Life on the Clarence River: Aboriginal Heritage

I recently visited a few Aboriginal sites in the Clarence Valley, NSW, which turned out to be wonderful spots. Wild and all but forsaken places that are as beautiful as they are important to Aboriginal heritage. Places with a story to tell…

Aboriginal heritage
Ulgundahi Island (background) sitting now quietly on the Clarence River

Ulgundahi Island

One such place is Ulgundahi Island. Comprising a mere 45 acres, Ulgundahi lies a few hundred metres off the mainland of Maclean in the Clarence River. It’s an important heritage site for the Yaegl aborigines, who were forced there – from as early as 1904 – to be contained.

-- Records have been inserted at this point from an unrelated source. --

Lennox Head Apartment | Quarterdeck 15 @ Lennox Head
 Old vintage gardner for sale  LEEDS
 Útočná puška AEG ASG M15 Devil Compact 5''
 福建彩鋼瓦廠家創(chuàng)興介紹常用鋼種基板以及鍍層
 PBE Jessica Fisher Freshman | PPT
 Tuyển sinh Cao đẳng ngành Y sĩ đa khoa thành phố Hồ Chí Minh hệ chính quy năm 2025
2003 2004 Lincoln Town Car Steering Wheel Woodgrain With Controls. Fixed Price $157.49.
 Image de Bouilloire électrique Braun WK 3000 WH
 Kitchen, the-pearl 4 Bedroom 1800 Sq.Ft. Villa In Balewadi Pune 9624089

The Yaegl lived in huts and were taught the white missionaries’ ways in the island’s school and church. Gradually, Ulgundahi’s population expanded until floods forced the families to leave permanently in 1961. However, the island continues to remain at the heart of the Yaegl people.

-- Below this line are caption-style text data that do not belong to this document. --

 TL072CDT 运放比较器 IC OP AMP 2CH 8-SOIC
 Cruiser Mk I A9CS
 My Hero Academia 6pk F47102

I chatted briefly with local Maclean artist and Yaegl woman Frances Belle Parker, whose mother grew up on Ulgundahi. She tells me the island is off limits to anyone without a permit from the Yaegl Aboriginal Land Council. It’s now heritage-listed land.

Frances remains deeply inspired by Ulgundahi, which is captured in her beautiful artwork here.

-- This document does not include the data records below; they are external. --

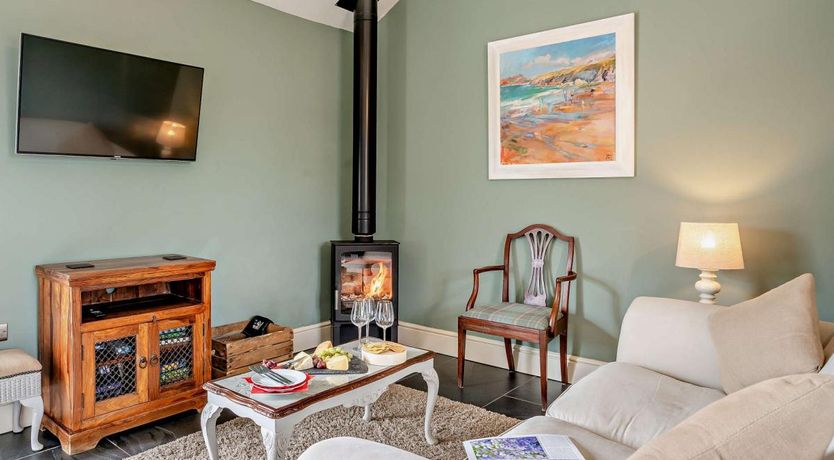 Photo of 2 Bed in St Davids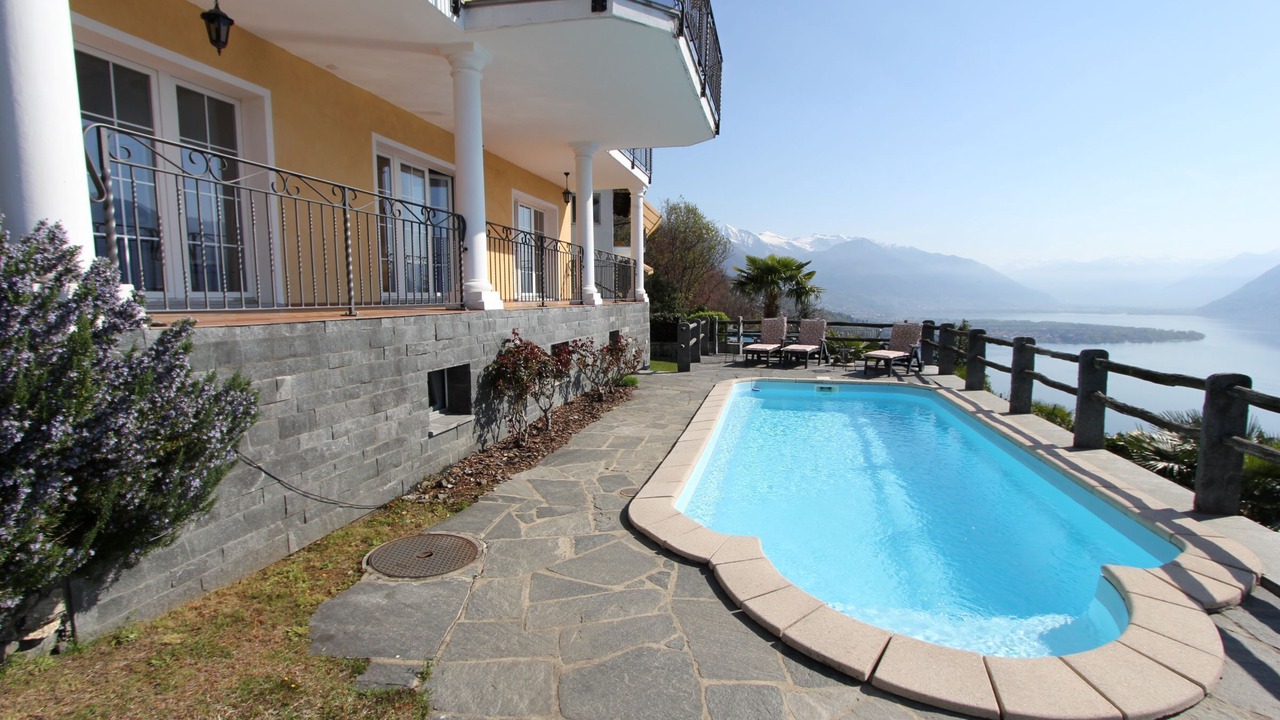 Photo of Outdoor in Ronco sopra Ascona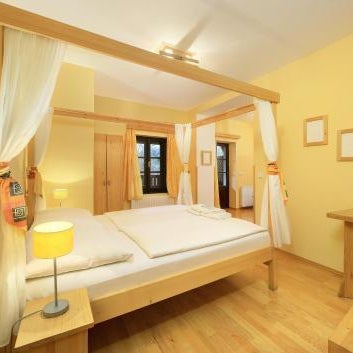 Hotel Garni Myší Díra Thumbnail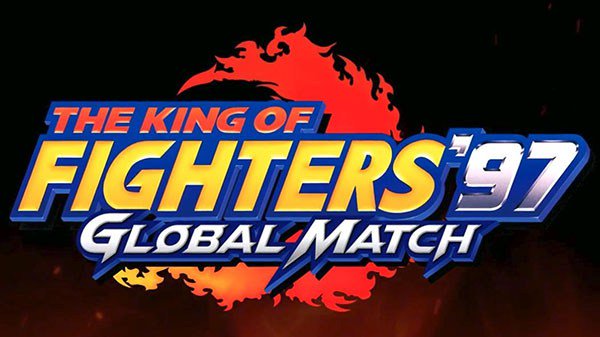 The King of Fighters ’97 Global Match é anunciado para PS4, PS Vita e PC 2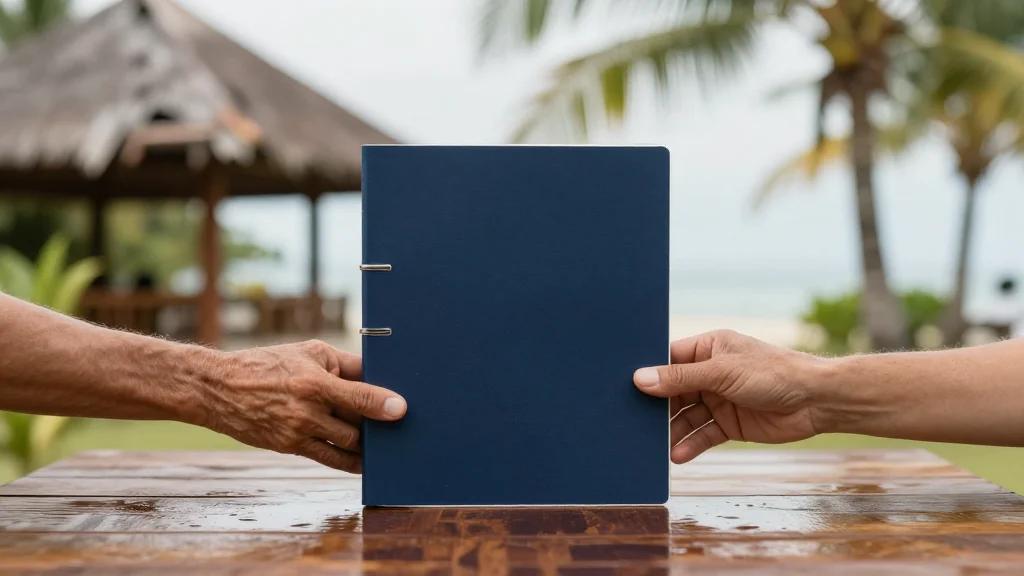 Helping a Major Resort Company Recover After Hurricane Melissa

Even though I didn’t reach the island, knowing where it was and what it signified gave me a whole new perspective on the area. It also made me realise the Clarence River has a lot of islands, many of which are just waiting to be explored….

The Woombah midden

Aboriginal heritage
The site of the Woombah midden

The Woombah midden was a fun place to explore, particularly as it’s not signposted. After receiving a map of the Lower Clarence Aboriginal Tourist Site Drive from the Clarence Coast Visitor Centre, I was off. Heading north from Ulgundahi towards the pretty bushland village of Woombah, I had to guess my way to the site, as its location is marked only roughly past the Goodwood Island turn-off.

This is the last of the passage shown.